**YOUR TASK**
Each of the lines below must be restated exactly.

**Recorded data**
____________

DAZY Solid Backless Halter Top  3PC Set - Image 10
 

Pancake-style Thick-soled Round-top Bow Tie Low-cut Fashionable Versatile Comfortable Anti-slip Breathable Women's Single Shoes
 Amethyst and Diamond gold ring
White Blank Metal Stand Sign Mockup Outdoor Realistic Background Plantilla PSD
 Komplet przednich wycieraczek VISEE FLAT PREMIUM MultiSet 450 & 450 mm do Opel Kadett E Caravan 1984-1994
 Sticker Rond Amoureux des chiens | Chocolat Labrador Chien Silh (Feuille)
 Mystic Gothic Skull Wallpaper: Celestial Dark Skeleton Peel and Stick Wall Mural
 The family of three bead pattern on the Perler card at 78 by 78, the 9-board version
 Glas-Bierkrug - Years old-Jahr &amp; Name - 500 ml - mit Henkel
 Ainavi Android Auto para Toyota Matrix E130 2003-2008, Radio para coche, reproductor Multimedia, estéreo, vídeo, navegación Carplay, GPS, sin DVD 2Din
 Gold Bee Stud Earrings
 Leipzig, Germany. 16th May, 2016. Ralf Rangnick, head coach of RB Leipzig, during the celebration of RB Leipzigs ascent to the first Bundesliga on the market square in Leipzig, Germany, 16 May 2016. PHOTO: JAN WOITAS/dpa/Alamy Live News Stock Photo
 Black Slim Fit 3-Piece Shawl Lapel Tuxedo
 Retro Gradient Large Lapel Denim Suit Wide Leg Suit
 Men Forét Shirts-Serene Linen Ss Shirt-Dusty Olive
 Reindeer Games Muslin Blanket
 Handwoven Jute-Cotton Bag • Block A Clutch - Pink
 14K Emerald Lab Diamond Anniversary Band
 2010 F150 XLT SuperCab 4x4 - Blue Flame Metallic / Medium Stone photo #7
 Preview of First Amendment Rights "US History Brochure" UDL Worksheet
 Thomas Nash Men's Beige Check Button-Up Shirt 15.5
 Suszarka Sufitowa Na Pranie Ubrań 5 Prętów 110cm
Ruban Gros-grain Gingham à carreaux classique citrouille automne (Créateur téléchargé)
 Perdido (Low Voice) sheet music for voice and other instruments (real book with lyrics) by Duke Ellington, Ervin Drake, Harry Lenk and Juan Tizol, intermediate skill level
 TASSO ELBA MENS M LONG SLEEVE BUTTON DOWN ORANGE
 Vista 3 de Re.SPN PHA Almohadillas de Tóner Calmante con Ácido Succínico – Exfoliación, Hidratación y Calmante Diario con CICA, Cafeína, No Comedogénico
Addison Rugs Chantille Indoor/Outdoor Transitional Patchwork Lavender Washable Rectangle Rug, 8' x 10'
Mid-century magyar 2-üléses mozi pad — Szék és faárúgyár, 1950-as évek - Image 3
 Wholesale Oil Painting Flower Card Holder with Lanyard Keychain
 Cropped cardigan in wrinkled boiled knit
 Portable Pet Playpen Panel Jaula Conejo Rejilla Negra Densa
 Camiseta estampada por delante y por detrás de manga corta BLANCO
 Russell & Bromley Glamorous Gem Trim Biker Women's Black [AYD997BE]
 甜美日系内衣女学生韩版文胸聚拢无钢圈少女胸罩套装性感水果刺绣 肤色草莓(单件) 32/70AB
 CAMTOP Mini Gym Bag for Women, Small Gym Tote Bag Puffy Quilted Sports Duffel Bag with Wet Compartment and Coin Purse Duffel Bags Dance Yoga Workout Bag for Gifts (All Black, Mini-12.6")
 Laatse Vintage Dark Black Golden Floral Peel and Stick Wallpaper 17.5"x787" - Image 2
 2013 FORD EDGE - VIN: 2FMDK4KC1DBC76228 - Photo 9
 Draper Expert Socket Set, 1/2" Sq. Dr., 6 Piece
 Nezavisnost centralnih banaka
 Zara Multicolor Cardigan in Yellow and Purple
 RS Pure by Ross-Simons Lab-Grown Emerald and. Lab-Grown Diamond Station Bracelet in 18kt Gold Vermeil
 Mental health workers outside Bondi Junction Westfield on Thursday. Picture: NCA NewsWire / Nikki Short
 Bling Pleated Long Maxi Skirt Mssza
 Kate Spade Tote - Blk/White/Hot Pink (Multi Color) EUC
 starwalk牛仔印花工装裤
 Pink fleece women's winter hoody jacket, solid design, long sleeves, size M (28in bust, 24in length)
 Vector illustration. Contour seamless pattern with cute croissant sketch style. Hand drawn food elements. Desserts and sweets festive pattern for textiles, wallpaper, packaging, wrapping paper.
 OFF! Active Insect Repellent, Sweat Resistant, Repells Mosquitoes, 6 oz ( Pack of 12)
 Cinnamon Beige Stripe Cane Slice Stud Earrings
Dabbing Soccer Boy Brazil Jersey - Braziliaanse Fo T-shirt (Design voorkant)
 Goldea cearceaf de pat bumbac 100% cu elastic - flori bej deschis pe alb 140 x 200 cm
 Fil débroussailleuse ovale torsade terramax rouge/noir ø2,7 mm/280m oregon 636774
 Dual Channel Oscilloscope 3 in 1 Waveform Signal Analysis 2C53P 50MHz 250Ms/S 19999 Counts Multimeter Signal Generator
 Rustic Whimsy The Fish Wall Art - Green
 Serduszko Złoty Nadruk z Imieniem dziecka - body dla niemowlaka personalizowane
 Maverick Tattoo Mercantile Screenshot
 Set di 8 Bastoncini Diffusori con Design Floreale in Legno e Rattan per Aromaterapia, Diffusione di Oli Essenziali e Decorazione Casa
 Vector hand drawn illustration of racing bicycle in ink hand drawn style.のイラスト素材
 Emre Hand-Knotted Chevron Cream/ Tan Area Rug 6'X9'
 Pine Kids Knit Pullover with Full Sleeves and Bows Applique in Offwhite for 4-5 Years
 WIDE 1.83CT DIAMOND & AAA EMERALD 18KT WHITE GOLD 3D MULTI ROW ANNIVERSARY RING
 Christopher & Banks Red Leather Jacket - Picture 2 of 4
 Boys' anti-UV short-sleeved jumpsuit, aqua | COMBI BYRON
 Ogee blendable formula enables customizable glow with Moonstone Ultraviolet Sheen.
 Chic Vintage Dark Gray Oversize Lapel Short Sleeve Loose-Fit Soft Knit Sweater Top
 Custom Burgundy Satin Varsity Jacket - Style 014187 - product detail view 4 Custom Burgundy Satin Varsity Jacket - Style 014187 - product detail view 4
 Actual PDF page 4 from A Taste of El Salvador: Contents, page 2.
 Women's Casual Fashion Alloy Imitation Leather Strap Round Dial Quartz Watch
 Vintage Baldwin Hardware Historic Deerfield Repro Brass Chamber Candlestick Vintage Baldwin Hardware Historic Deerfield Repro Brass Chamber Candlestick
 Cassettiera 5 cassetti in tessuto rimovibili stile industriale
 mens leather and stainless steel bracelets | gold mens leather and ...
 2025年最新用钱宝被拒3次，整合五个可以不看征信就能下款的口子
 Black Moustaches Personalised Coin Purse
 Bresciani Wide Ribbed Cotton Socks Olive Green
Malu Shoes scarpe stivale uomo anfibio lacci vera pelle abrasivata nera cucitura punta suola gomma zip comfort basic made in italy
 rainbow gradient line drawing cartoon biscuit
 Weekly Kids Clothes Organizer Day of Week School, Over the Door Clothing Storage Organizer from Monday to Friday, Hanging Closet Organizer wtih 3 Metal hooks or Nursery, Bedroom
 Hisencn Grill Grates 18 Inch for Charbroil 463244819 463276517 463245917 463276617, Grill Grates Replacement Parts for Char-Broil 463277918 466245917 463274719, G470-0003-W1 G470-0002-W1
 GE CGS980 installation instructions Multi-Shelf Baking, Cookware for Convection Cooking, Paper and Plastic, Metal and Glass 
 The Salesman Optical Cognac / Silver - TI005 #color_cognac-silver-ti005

____________

**WORKED SOLUTION**
DAZY Solid Backless Halter Top  3PC Set - Image 10
 

Pancake-style Thick-soled Round-top Bow Tie Low-cut Fashionable Versatile Comfortable Anti-slip Breathable Women's Single Shoes
 Amethyst and Diamond gold ring
White Blank Metal Stand Sign Mockup Outdoor Realistic Background Plantilla PSD
 Komplet przednich wycieraczek VISEE FLAT PREMIUM MultiSet 450 & 450 mm do Opel Kadett E Caravan 1984-1994
 Sticker Rond Amoureux des chiens | Chocolat Labrador Chien Silh (Feuille)
 Mystic Gothic Skull Wallpaper: Celestial Dark Skeleton Peel and Stick Wall Mural
 The family of three bead pattern on the Perler card at 78 by 78, the 9-board version
 Glas-Bierkrug - Years old-Jahr &amp; Name - 500 ml - mit Henkel
 Ainavi Android Auto para Toyota Matrix E130 2003-2008, Radio para coche, reproductor Multimedia, estéreo, vídeo, navegación Carplay, GPS, sin DVD 2Din
 Gold Bee Stud Earrings
 Leipzig, Germany. 16th May, 2016. Ralf Rangnick, head coach of RB Leipzig, during the celebration of RB Leipzigs ascent to the first Bundesliga on the market square in Leipzig, Germany, 16 May 2016. PHOTO: JAN WOITAS/dpa/Alamy Live News Stock Photo
 Black Slim Fit 3-Piece Shawl Lapel Tuxedo
 Retro Gradient Large Lapel Denim Suit Wide Leg Suit
 Men Forét Shirts-Serene Linen Ss Shirt-Dusty Olive
 Reindeer Games Muslin Blanket
 Handwoven Jute-Cotton Bag • Block A Clutch - Pink
 14K Emerald Lab Diamond Anniversary Band
 2010 F150 XLT SuperCab 4x4 - Blue Flame Metallic / Medium Stone photo #7
 Preview of First Amendment Rights "US History Brochure" UDL Worksheet
 Thomas Nash Men's Beige Check Button-Up Shirt 15.5
 Suszarka Sufitowa Na Pranie Ubrań 5 Prętów 110cm
Ruban Gros-grain Gingham à carreaux classique citrouille automne (Créateur téléchargé)
 Perdido (Low Voice) sheet music for voice and other instruments (real book with lyrics) by Duke Ellington, Ervin Drake, Harry Lenk and Juan Tizol, intermediate skill level
 TASSO ELBA MENS M LONG SLEEVE BUTTON DOWN ORANGE
 Vista 3 de Re.SPN PHA Almohadillas de Tóner Calmante con Ácido Succínico – Exfoliación, Hidratación y Calmante Diario con CICA, Cafeína, No Comedogénico
Addison Rugs Chantille Indoor/Outdoor Transitional Patchwork Lavender Washable Rectangle Rug, 8' x 10'
Mid-century magyar 2-üléses mozi pad — Szék és faárúgyár, 1950-as évek - Image 3
 Wholesale Oil Painting Flower Card Holder with Lanyard Keychain
 Cropped cardigan in wrinkled boiled knit
 Portable Pet Playpen Panel Jaula Conejo Rejilla Negra Densa
 Camiseta estampada por delante y por detrás de manga corta BLANCO
 Russell & Bromley Glamorous Gem Trim Biker Women's Black [AYD997BE]
 甜美日系内衣女学生韩版文胸聚拢无钢圈少女胸罩套装性感水果刺绣 肤色草莓(单件) 32/70AB
 CAMTOP Mini Gym Bag for Women, Small Gym Tote Bag Puffy Quilted Sports Duffel Bag with Wet Compartment and Coin Purse Duffel Bags Dance Yoga Workout Bag for Gifts (All Black, Mini-12.6")
 Laatse Vintage Dark Black Golden Floral Peel and Stick Wallpaper 17.5"x787" - Image 2
 2013 FORD EDGE - VIN: 2FMDK4KC1DBC76228 - Photo 9
 Draper Expert Socket Set, 1/2" Sq. Dr., 6 Piece
 Nezavisnost centralnih banaka
 Zara Multicolor Cardigan in Yellow and Purple
 RS Pure by Ross-Simons Lab-Grown Emerald and. Lab-Grown Diamond Station Bracelet in 18kt Gold Vermeil
 Mental health workers outside Bondi Junction Westfield on Thursday. Picture: NCA NewsWire / Nikki Short
 Bling Pleated Long Maxi Skirt Mssza
 Kate Spade Tote - Blk/White/Hot Pink (Multi Color) EUC
 starwalk牛仔印花工装裤
 Pink fleece women's winter hoody jacket, solid design, long sleeves, size M (28in bust, 24in length)
 Vector illustration. Contour seamless pattern with cute croissant sketch style. Hand drawn food elements. Desserts and sweets festive pattern for textiles, wallpaper, packaging, wrapping paper.
 OFF! Active Insect Repellent, Sweat Resistant, Repells Mosquitoes, 6 oz ( Pack of 12)
 Cinnamon Beige Stripe Cane Slice Stud Earrings
Dabbing Soccer Boy Brazil Jersey - Braziliaanse Fo T-shirt (Design voorkant)
 Goldea cearceaf de pat bumbac 100% cu elastic - flori bej deschis pe alb 140 x 200 cm
 Fil débroussailleuse ovale torsade terramax rouge/noir ø2,7 mm/280m oregon 636774
 Dual Channel Oscilloscope 3 in 1 Waveform Signal Analysis 2C53P 50MHz 250Ms/S 19999 Counts Multimeter Signal Generator
 Rustic Whimsy The Fish Wall Art - Green
 Serduszko Złoty Nadruk z Imieniem dziecka - body dla niemowlaka personalizowane
 Maverick Tattoo Mercantile Screenshot
 Set di 8 Bastoncini Diffusori con Design Floreale in Legno e Rattan per Aromaterapia, Diffusione di Oli Essenziali e Decorazione Casa
 Vector hand drawn illustration of racing bicycle in ink hand drawn style.のイラスト素材
 Emre Hand-Knotted Chevron Cream/ Tan Area Rug 6'X9'
 Pine Kids Knit Pullover with Full Sleeves and Bows Applique in Offwhite for 4-5 Years
 WIDE 1.83CT DIAMOND & AAA EMERALD 18KT WHITE GOLD 3D MULTI ROW ANNIVERSARY RING
 Christopher & Banks Red Leather Jacket - Picture 2 of 4
 Boys' anti-UV short-sleeved jumpsuit, aqua | COMBI BYRON
 Ogee blendable formula enables customizable glow with Moonstone Ultraviolet Sheen.
 Chic Vintage Dark Gray Oversize Lapel Short Sleeve Loose-Fit Soft Knit Sweater Top
 Custom Burgundy Satin Varsity Jacket - Style 014187 - product detail view 4 Custom Burgundy Satin Varsity Jacket - Style 014187 - product detail view 4
 Actual PDF page 4 from A Taste of El Salvador: Contents, page 2.
 Women's Casual Fashion Alloy Imitation Leather Strap Round Dial Quartz Watch
 Vintage Baldwin Hardware Historic Deerfield Repro Brass Chamber Candlestick Vintage Baldwin Hardware Historic Deerfield Repro Brass Chamber Candlestick
 Cassettiera 5 cassetti in tessuto rimovibili stile industriale
 mens leather and stainless steel bracelets | gold mens leather and ...
 2025年最新用钱宝被拒3次，整合五个可以不看征信就能下款的口子
 Black Moustaches Personalised Coin Purse
 Bresciani Wide Ribbed Cotton Socks Olive Green
Malu Shoes scarpe stivale uomo anfibio lacci vera pelle abrasivata nera cucitura punta suola gomma zip comfort basic made in italy
 rainbow gradient line drawing cartoon biscuit
 Weekly Kids Clothes Organizer Day of Week School, Over the Door Clothing Storage Organizer from Monday to Friday, Hanging Closet Organizer wtih 3 Metal hooks or Nursery, Bedroom
 Hisencn Grill Grates 18 Inch for Charbroil 463244819 463276517 463245917 463276617, Grill Grates Replacement Parts for Char-Broil 463277918 466245917 463274719, G470-0003-W1 G470-0002-W1
 GE CGS980 installation instructions Multi-Shelf Baking, Cookware for Convection Cooking, Paper and Plastic, Metal and Glass 
 The Salesman Optical Cognac / Silver - TI005 #color_cognac-silver-ti005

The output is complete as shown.